LaSalle Investment Management
- Industry: Investment Management
- Founded: 1968; 58 years ago
- Headquarters: Chicago, Illinois, United States
- Area served: Worldwide
- Key people: Mark Gabbay (Executive Chairman); Brad Gries (CEO); Tim Kessler (President and COO);
- AUM: $86.4 billion (as of December 31, 2025)
- Number of employees: 875+ (as of Q2 2024)
- Parent: JLL
- Website: www.lasalle.com

= LaSalle Investment Management =

Real estate investment management firm

LaSalle Investment Management (LaSalle) is a real estate investment management firm that operates as an independent subsidiary of JLL. The firm invests in real estate for institutional investors such as pension funds, endowments, and sovereign wealth funds.
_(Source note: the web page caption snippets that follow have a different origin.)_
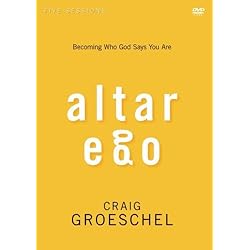 Altar Ego: A DVD Study: Becoming Who God Says You Are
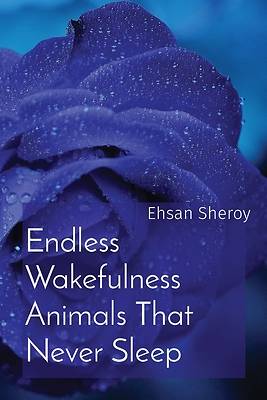 Picture of Endless Wakefulness Animals That Never Sleep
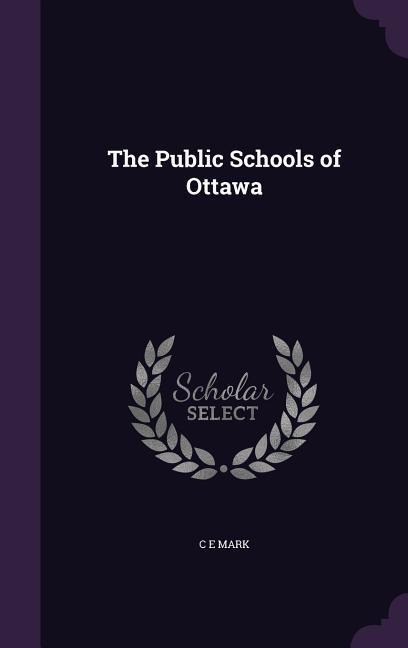 The Public Schools of Ottawa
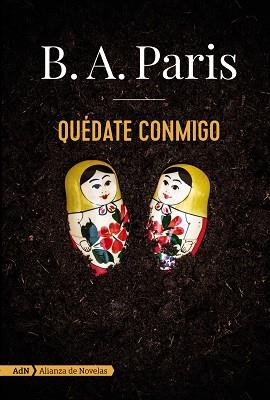 QUÉDATE CONMIGO (ADN) | 9788491814108 | PARIS, B. A. | Llibres Parcir | Librería Parcir | Librería online de Manresa | Comprar libros en catalán y castellano online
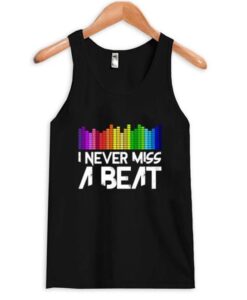 I Never Miss A Beat Tanktop ZNF08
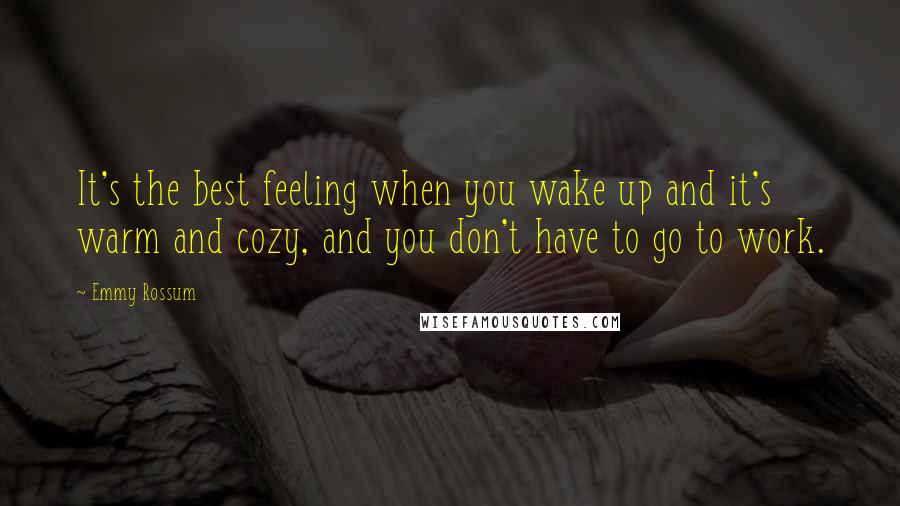 Emmy Rossum Quotes: It's the best feeling when you wake up and it's warm and cozy, and you don't have to go to work.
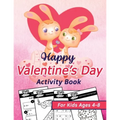 Happy Valentine's Day Activity Book for Kids Ages 4-8: Happy Valentines Activity Gift for Kids, Cute Pages with Letters & Numbers Tracing, Mazes, Sudo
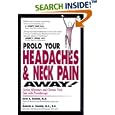 Prolo Your Headaches and Neck Pain Away! Curing Migraines and Chronic Neck Pain with Prolotherapy by  Ross A. Hauser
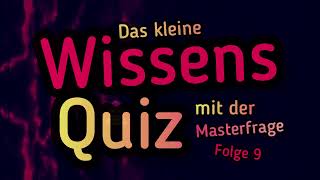 Wissensquiz Masterfrage 9 Allgemeinwissen  Quiz Deutsch Multiple Choice  Teste dein Wissen [upl. by Noslen]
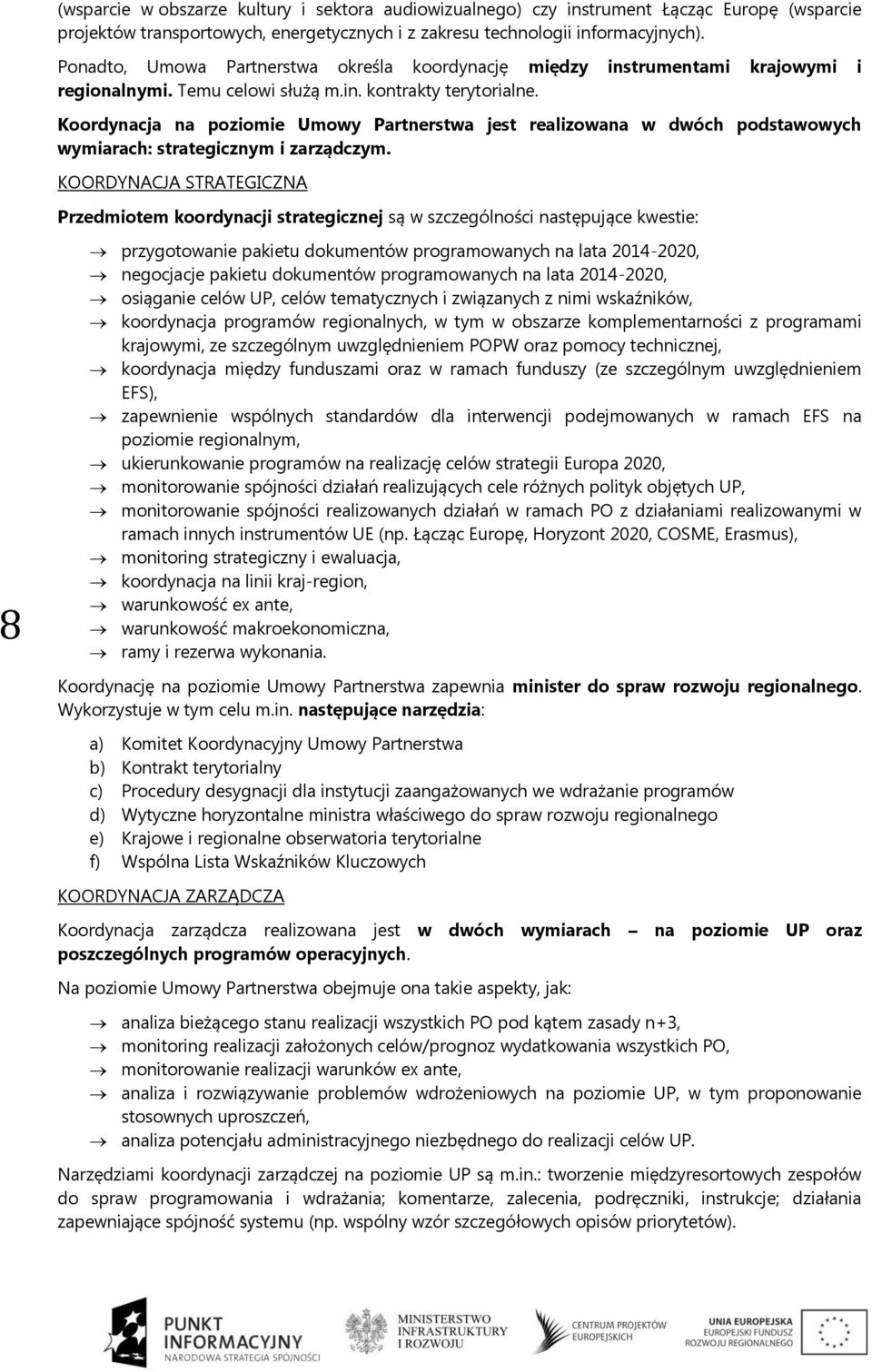 Krdynacja na pzimie Umwy Partnerstwa jest realizwana w dwóch pdstawwych wymiarach: strategicznym i zarządczym.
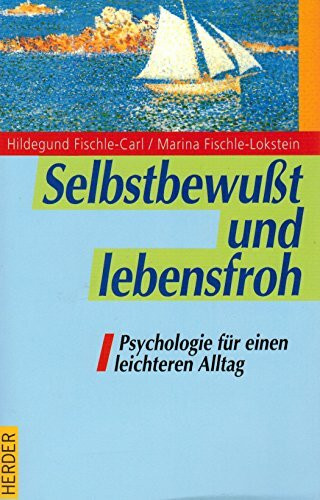 Selbstbewußt und lebensfroh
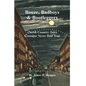 Booze, Badboys & Bootleggers: North Country Tales Grandpa Never Told You - Paperback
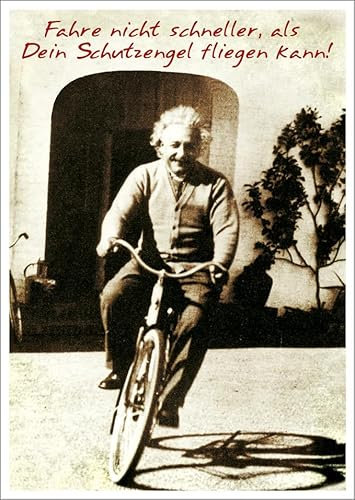 Lustige Postkarte mit Spruch 'Fahre nicht schneller, als Dein Schutzengel fliegen kann' – Humorvolle Karte mit Einstein für Freunde & Familie, Witzige Geschenkidee.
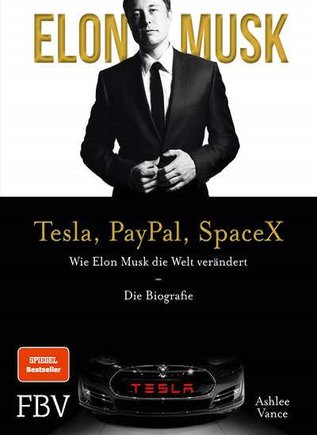 Elon Musk – Tesla, PayPal, SpaceX Wie Elon Musk die Welt verändert
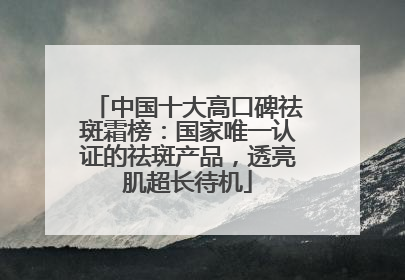 中国十大高口碑祛斑霜榜：国家唯一认证的祛斑产品，透亮肌超长待机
It is headquartered in Chicago, Illinois and has 24 locations across North America, Europe, and Asia.

==History==
LaSalle Investment Management was formed in 1999, when the U.S. real estate investment firm LaSalle Partners merged with U.K.-based Jones Lang Wootton to create Jones Lang LaSalle (JLL). It was set up to function as a subsidiary of JLL that advises large institutions.

Since its inception, LaSalle has expanded from traditional commercial property development into specialized sectors including life sciences, data centers, self-storage, and student housing. The firm has also expanded its debt investment operations.

In 2018, LaSalle acquired Aviva Investors' real estate multi-manager business and subsequently launched LaSalle Global Partner Solutions. At this time, LaSalle was managing approximately $58 billion of assets globally. As of 2024, the firm manages about $88 billion in assets.